Look at the top five teams in special teams DVOA this season: Eagles, Chiefs, Rams, Lions, and Colts. They’re mostly considered “overachievers.” Kansas City could grab the one seed despite no passing offense. How does LA keep making us want to pull our hair out? Why is Detroit knocking on the door of the number two seed with few notable defensive players? How else could Indianapolis be in first place in the division with such a horrible defense and inefficient offense? The Rams, like the Lions and Vikings, are phenomenal at punt coverage. These things matter. Field position matters.
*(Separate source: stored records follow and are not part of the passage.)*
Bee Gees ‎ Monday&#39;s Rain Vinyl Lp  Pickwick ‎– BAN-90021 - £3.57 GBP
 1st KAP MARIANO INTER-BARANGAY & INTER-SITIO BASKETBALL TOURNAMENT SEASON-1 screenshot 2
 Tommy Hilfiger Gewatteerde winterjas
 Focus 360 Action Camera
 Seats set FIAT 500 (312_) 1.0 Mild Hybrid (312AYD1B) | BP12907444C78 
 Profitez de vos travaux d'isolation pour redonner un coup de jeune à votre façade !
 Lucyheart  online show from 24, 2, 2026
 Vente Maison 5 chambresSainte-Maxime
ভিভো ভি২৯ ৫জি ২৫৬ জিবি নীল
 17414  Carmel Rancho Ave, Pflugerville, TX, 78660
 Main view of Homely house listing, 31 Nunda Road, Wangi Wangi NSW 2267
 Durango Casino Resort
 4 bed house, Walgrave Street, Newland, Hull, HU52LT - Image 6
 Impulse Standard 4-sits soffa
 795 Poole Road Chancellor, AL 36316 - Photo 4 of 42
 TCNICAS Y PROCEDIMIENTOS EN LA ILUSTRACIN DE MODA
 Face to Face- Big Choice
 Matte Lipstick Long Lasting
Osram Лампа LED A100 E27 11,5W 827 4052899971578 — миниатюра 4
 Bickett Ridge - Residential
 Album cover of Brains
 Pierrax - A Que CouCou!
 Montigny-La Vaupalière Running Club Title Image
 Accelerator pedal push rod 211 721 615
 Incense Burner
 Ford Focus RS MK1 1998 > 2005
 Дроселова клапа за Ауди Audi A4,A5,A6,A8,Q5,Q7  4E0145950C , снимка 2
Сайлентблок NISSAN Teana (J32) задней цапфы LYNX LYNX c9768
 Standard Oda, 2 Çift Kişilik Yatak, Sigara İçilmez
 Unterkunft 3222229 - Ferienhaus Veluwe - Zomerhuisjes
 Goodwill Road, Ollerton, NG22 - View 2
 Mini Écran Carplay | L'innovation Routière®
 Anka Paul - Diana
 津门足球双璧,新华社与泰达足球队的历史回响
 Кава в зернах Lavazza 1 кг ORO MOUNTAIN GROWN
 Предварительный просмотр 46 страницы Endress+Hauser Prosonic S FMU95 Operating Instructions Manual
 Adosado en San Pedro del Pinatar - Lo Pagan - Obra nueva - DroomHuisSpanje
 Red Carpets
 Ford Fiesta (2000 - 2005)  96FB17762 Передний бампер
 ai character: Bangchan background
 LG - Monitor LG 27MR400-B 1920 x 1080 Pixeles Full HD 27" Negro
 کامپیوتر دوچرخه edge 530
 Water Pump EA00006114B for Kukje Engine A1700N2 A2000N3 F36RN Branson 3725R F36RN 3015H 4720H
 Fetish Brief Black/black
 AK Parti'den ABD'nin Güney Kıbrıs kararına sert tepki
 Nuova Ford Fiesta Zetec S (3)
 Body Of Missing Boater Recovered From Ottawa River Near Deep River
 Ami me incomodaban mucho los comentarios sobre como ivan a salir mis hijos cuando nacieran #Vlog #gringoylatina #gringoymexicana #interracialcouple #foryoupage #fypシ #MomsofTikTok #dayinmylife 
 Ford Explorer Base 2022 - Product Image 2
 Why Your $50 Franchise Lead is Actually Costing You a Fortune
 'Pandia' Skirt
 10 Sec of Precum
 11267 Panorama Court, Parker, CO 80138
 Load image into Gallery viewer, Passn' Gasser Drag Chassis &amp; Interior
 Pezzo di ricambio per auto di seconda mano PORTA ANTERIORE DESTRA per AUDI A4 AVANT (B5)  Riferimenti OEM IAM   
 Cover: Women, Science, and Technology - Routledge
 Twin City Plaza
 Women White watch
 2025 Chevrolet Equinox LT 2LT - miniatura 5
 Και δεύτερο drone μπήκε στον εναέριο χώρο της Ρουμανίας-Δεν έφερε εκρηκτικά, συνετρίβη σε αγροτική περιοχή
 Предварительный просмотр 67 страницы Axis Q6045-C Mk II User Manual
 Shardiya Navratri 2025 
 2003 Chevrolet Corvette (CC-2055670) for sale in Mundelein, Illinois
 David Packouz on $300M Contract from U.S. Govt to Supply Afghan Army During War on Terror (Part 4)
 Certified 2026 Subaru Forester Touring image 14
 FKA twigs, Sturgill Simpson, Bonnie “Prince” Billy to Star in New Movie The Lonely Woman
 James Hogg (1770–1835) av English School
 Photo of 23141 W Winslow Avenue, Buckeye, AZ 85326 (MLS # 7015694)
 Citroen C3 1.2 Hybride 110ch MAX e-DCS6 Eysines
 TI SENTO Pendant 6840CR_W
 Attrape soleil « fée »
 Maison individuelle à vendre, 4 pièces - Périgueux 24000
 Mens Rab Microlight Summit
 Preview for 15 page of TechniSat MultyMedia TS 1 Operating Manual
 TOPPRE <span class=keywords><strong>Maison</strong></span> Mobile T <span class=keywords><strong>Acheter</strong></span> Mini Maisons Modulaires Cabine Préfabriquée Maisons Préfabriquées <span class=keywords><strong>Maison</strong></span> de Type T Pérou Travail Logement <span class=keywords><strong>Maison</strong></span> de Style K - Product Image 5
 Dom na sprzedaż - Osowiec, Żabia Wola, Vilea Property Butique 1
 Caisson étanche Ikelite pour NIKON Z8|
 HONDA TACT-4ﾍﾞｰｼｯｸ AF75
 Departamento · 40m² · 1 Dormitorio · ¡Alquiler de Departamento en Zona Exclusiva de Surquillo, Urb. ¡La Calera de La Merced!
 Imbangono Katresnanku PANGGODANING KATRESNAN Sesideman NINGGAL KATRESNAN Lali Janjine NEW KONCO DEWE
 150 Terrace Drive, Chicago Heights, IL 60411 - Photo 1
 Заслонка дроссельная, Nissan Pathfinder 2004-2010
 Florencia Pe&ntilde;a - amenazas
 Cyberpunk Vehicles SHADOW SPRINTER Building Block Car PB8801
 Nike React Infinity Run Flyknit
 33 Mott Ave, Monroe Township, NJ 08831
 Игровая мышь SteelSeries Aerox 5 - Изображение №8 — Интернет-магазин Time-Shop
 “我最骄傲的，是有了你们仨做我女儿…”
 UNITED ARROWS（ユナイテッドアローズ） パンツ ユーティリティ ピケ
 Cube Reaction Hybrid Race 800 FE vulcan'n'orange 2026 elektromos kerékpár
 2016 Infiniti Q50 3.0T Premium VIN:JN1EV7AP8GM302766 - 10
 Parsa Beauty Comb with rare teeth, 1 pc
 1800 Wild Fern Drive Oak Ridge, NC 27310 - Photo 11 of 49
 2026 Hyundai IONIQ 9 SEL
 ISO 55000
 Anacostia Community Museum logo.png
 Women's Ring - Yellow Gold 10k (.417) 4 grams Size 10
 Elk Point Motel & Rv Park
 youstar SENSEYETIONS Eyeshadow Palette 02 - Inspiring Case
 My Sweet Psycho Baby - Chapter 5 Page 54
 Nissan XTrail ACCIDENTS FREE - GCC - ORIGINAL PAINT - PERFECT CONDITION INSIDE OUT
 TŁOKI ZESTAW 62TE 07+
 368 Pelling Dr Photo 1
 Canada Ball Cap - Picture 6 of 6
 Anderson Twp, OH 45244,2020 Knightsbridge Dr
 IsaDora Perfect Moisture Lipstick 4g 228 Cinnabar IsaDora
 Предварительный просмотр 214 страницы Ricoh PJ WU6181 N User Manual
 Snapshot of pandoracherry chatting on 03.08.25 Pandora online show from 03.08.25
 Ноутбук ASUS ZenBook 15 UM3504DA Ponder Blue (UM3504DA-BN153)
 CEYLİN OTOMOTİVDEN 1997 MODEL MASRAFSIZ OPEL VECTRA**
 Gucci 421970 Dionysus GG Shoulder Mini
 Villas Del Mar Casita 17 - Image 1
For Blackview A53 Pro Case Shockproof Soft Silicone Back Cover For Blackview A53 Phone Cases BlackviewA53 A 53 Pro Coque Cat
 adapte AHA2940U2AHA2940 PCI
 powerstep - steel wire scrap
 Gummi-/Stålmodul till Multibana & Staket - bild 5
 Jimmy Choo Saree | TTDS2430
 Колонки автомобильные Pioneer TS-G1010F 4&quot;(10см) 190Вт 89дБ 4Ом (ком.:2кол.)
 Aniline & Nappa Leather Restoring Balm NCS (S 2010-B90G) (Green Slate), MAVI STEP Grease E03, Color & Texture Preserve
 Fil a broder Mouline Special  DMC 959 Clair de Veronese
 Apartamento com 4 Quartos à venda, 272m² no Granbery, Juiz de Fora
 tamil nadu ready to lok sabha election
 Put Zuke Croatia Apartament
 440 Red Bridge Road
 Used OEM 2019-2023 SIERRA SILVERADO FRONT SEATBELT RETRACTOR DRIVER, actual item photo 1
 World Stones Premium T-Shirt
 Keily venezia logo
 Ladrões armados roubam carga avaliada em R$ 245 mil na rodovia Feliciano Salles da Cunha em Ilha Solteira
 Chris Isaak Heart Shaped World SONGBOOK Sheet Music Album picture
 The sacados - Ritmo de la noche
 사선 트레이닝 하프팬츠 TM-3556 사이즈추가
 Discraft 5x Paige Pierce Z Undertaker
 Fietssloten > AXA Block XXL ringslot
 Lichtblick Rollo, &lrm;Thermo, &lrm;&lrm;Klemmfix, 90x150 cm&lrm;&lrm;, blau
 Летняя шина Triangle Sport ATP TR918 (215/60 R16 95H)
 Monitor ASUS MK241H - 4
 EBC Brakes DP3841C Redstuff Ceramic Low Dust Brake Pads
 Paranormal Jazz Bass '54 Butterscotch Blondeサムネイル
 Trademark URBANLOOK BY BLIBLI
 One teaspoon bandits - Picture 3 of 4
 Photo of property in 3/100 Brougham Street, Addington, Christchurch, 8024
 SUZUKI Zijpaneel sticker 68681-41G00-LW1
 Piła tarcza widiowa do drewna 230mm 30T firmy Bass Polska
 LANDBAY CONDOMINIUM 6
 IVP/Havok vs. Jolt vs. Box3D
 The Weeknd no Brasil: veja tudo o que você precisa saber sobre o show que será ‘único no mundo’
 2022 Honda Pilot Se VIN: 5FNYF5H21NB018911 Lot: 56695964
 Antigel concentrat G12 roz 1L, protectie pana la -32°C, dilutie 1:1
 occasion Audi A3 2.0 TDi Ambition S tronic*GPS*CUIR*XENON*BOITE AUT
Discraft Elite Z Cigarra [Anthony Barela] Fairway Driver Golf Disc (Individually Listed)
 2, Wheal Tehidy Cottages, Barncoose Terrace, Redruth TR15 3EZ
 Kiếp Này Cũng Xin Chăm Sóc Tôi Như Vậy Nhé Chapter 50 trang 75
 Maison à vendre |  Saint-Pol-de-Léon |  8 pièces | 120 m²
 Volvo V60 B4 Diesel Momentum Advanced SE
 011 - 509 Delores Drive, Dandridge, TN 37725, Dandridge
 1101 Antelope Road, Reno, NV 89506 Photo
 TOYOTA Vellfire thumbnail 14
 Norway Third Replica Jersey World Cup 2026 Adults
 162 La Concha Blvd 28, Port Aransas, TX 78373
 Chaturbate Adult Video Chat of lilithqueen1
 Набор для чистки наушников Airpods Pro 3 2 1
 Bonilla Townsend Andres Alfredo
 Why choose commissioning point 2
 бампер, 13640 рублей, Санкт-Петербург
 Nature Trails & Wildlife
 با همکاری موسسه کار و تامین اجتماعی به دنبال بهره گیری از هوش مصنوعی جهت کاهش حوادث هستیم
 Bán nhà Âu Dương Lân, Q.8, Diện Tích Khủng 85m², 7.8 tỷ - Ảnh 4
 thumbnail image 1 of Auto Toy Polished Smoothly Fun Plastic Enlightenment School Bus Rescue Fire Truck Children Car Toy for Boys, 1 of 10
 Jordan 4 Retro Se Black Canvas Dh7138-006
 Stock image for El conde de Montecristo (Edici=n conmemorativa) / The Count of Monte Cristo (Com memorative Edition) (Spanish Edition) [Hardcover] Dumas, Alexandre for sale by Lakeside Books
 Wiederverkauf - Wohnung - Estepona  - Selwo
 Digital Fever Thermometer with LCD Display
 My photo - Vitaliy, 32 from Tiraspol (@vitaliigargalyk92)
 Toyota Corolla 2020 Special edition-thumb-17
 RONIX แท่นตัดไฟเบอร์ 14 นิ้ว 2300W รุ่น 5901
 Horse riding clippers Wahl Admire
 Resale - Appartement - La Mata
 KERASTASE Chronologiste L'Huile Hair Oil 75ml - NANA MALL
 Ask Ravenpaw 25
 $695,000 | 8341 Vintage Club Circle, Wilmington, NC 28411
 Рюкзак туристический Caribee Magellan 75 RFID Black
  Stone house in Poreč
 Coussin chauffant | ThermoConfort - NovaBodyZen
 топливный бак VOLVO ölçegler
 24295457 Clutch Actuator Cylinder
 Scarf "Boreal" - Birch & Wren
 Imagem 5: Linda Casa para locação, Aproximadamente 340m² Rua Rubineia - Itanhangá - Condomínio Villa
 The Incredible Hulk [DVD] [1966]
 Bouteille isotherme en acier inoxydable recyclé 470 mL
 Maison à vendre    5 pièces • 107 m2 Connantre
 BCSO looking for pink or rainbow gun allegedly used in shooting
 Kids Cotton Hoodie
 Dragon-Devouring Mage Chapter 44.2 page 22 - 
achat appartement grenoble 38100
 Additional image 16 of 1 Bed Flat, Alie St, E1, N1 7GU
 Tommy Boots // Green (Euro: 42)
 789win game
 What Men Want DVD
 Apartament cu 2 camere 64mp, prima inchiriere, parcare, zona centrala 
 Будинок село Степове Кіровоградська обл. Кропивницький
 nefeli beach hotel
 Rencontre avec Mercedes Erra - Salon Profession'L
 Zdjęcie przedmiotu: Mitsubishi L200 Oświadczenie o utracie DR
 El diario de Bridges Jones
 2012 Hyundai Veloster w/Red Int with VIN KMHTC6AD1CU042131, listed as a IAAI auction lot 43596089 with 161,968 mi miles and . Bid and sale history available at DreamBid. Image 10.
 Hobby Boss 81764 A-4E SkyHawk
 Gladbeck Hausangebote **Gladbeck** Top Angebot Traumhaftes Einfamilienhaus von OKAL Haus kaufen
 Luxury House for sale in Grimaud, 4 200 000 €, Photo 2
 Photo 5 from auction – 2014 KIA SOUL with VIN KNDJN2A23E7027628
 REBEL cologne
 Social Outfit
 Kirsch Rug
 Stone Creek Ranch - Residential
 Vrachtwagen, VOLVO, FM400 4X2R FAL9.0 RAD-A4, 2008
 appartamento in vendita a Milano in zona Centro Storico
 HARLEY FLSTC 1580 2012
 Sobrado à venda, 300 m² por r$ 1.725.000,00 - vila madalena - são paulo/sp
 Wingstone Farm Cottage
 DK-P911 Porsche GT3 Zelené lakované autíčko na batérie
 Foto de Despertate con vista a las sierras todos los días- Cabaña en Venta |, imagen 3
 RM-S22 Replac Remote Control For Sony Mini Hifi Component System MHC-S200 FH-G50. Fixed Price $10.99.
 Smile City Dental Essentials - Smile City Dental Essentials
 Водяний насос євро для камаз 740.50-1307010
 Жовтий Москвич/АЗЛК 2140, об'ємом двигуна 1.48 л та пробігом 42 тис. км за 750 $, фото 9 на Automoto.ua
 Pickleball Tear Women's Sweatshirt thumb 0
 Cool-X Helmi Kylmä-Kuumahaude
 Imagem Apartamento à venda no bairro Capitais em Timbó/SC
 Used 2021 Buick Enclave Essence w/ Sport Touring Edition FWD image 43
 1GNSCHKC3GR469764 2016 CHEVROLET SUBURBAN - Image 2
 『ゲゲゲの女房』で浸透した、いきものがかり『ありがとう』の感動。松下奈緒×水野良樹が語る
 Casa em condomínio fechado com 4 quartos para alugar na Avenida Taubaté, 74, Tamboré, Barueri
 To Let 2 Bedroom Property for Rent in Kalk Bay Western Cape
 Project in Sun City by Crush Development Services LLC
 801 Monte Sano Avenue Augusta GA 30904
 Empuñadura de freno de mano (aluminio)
Lockette was once the guy who mattered the most in those moments after years of making himself valuable in that third phase when it became clear he’d never be a consistent threat on offense.
On Sunday, as I watched Neiko Thorpe make a signature stop much in the same way the man who preceded him did, my bitterness grew for Lockette’s violent exit and how his legacy and the legacy of those who play that part of the game are often forgotten.
I’ll remember Ricardo’s contributions to Seattle. As I will the ones before him and those that come after him. Perhaps one day, as the game evolves and grows, others will too. For the Seahawks, whether it’s Thorpe, Cassius Marsh, Mike Morgan, or someone else, let’s recognize the contributions not just being made when Seattle has the ball or doesn’t or is getting it back, but when they’re relinquishing possession to the other team on a kickoff or punt and hoping for the best. Lockette and those who came before him and after are the harbingers of that hope.
Let’s give them thanks.
Thanks, Ricardo. It was great seeing you.